What needs to be done - All entries must be transcribed without a single difference.

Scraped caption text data
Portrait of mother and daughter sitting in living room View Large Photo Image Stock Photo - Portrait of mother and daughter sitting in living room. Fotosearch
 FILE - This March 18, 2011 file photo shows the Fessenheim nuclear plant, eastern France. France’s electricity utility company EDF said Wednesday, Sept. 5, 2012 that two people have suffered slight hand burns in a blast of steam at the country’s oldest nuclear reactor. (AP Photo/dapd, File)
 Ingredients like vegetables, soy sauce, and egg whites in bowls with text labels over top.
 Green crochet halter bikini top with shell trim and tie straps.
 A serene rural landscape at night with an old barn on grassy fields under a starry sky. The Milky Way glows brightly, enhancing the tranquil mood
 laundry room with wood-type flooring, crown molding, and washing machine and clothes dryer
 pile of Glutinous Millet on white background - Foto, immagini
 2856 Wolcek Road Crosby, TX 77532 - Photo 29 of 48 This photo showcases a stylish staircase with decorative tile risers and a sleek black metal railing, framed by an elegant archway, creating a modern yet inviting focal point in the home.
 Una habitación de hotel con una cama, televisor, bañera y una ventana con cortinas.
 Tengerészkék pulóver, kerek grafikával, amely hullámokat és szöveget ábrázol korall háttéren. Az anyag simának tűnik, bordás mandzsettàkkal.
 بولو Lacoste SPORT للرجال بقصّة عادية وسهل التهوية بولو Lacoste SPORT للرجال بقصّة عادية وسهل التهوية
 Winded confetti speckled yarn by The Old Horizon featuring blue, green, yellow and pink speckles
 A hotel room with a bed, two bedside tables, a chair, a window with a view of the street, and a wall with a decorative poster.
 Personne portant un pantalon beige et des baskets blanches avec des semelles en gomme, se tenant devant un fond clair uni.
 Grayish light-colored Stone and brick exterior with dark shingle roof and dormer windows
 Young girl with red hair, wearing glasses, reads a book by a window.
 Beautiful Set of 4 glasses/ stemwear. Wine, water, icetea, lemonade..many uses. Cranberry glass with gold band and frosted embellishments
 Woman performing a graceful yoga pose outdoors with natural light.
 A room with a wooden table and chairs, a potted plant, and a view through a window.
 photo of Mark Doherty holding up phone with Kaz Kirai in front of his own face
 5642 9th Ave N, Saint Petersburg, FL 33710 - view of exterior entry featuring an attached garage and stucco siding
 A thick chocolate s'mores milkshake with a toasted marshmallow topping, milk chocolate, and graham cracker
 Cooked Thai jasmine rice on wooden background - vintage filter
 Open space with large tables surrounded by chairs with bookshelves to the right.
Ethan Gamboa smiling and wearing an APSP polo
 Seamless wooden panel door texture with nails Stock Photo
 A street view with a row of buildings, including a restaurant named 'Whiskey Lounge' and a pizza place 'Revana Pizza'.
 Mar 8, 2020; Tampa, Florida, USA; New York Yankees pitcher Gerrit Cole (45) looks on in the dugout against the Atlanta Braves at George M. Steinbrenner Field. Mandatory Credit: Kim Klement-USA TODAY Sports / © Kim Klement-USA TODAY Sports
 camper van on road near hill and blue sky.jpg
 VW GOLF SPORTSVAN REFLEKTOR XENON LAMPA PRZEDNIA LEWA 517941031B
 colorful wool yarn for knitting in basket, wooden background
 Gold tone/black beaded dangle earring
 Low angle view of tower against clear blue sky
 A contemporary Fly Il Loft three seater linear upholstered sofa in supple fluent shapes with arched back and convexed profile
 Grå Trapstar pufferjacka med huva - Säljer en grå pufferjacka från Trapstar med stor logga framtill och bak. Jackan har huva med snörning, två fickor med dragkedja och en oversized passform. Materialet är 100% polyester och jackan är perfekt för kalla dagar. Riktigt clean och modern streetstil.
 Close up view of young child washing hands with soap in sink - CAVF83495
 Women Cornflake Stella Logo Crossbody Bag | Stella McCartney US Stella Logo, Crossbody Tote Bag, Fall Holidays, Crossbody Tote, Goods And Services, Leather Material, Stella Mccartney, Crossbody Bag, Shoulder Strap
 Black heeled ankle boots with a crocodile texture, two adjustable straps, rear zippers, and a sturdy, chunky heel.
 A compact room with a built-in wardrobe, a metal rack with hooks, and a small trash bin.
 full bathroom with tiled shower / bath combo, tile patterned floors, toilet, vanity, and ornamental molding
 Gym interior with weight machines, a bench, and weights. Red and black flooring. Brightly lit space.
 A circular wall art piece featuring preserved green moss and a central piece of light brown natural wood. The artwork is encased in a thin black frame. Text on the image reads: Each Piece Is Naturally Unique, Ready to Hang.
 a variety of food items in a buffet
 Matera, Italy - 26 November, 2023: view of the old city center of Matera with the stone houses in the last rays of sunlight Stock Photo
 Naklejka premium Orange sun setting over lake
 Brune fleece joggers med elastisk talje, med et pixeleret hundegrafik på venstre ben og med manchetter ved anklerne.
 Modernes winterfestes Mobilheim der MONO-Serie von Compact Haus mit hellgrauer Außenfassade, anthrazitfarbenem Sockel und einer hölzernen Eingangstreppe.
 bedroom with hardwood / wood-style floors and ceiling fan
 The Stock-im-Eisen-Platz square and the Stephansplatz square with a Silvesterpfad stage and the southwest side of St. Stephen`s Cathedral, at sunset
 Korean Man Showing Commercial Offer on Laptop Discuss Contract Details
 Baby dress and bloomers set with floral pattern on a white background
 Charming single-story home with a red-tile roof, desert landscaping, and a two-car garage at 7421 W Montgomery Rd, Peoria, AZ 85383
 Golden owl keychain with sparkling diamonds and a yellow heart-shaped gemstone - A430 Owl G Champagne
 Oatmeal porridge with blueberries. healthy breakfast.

Solution to this problem -
Portrait of mother and daughter sitting in living room View Large Photo Image Stock Photo - Portrait of mother and daughter sitting in living room. Fotosearch
 FILE - This March 18, 2011 file photo shows the Fessenheim nuclear plant, eastern France. France’s electricity utility company EDF said Wednesday, Sept. 5, 2012 that two people have suffered slight hand burns in a blast of steam at the country’s oldest nuclear reactor. (AP Photo/dapd, File)
 Ingredients like vegetables, soy sauce, and egg whites in bowls with text labels over top.
 Green crochet halter bikini top with shell trim and tie straps.
 A serene rural landscape at night with an old barn on grassy fields under a starry sky. The Milky Way glows brightly, enhancing the tranquil mood
 laundry room with wood-type flooring, crown molding, and washing machine and clothes dryer
 pile of Glutinous Millet on white background - Foto, immagini
 2856 Wolcek Road Crosby, TX 77532 - Photo 29 of 48 This photo showcases a stylish staircase with decorative tile risers and a sleek black metal railing, framed by an elegant archway, creating a modern yet inviting focal point in the home.
 Una habitación de hotel con una cama, televisor, bañera y una ventana con cortinas.
 Tengerészkék pulóver, kerek grafikával, amely hullámokat és szöveget ábrázol korall háttéren. Az anyag simának tűnik, bordás mandzsettàkkal.
 بولو Lacoste SPORT للرجال بقصّة عادية وسهل التهوية بولو Lacoste SPORT للرجال بقصّة عادية وسهل التهوية
 Winded confetti speckled yarn by The Old Horizon featuring blue, green, yellow and pink speckles
 A hotel room with a bed, two bedside tables, a chair, a window with a view of the street, and a wall with a decorative poster.
 Personne portant un pantalon beige et des baskets blanches avec des semelles en gomme, se tenant devant un fond clair uni.
 Grayish light-colored Stone and brick exterior with dark shingle roof and dormer windows
 Young girl with red hair, wearing glasses, reads a book by a window.
 Beautiful Set of 4 glasses/ stemwear. Wine, water, icetea, lemonade..many uses. Cranberry glass with gold band and frosted embellishments
 Woman performing a graceful yoga pose outdoors with natural light.
 A room with a wooden table and chairs, a potted plant, and a view through a window.
 photo of Mark Doherty holding up phone with Kaz Kirai in front of his own face
 5642 9th Ave N, Saint Petersburg, FL 33710 - view of exterior entry featuring an attached garage and stucco siding
 A thick chocolate s'mores milkshake with a toasted marshmallow topping, milk chocolate, and graham cracker
 Cooked Thai jasmine rice on wooden background - vintage filter
 Open space with large tables surrounded by chairs with bookshelves to the right.
Ethan Gamboa smiling and wearing an APSP polo
 Seamless wooden panel door texture with nails Stock Photo
 A street view with a row of buildings, including a restaurant named 'Whiskey Lounge' and a pizza place 'Revana Pizza'.
 Mar 8, 2020; Tampa, Florida, USA; New York Yankees pitcher Gerrit Cole (45) looks on in the dugout against the Atlanta Braves at George M. Steinbrenner Field. Mandatory Credit: Kim Klement-USA TODAY Sports / © Kim Klement-USA TODAY Sports
 camper van on road near hill and blue sky.jpg
 VW GOLF SPORTSVAN REFLEKTOR XENON LAMPA PRZEDNIA LEWA 517941031B
 colorful wool yarn for knitting in basket, wooden background
 Gold tone/black beaded dangle earring
 Low angle view of tower against clear blue sky
 A contemporary Fly Il Loft three seater linear upholstered sofa in supple fluent shapes with arched back and convexed profile
 Grå Trapstar pufferjacka med huva - Säljer en grå pufferjacka från Trapstar med stor logga framtill och bak. Jackan har huva med snörning, två fickor med dragkedja och en oversized passform. Materialet är 100% polyester och jackan är perfekt för kalla dagar. Riktigt clean och modern streetstil.
 Close up view of young child washing hands with soap in sink - CAVF83495
 Women Cornflake Stella Logo Crossbody Bag | Stella McCartney US Stella Logo, Crossbody Tote Bag, Fall Holidays, Crossbody Tote, Goods And Services, Leather Material, Stella Mccartney, Crossbody Bag, Shoulder Strap
 Black heeled ankle boots with a crocodile texture, two adjustable straps, rear zippers, and a sturdy, chunky heel.
 A compact room with a built-in wardrobe, a metal rack with hooks, and a small trash bin.
 full bathroom with tiled shower / bath combo, tile patterned floors, toilet, vanity, and ornamental molding
 Gym interior with weight machines, a bench, and weights. Red and black flooring. Brightly lit space.
 A circular wall art piece featuring preserved green moss and a central piece of light brown natural wood. The artwork is encased in a thin black frame. Text on the image reads: Each Piece Is Naturally Unique, Ready to Hang.
 a variety of food items in a buffet
 Matera, Italy - 26 November, 2023: view of the old city center of Matera with the stone houses in the last rays of sunlight Stock Photo
 Naklejka premium Orange sun setting over lake
 Brune fleece joggers med elastisk talje, med et pixeleret hundegrafik på venstre ben og med manchetter ved anklerne.
 Modernes winterfestes Mobilheim der MONO-Serie von Compact Haus mit hellgrauer Außenfassade, anthrazitfarbenem Sockel und einer hölzernen Eingangstreppe.
 bedroom with hardwood / wood-style floors and ceiling fan
 The Stock-im-Eisen-Platz square and the Stephansplatz square with a Silvesterpfad stage and the southwest side of St. Stephen`s Cathedral, at sunset
 Korean Man Showing Commercial Offer on Laptop Discuss Contract Details
 Baby dress and bloomers set with floral pattern on a white background
 Charming single-story home with a red-tile roof, desert landscaping, and a two-car garage at 7421 W Montgomery Rd, Peoria, AZ 85383
 Golden owl keychain with sparkling diamonds and a yellow heart-shaped gemstone - A430 Owl G Champagne
 Oatmeal porridge with blueberries. healthy breakfast.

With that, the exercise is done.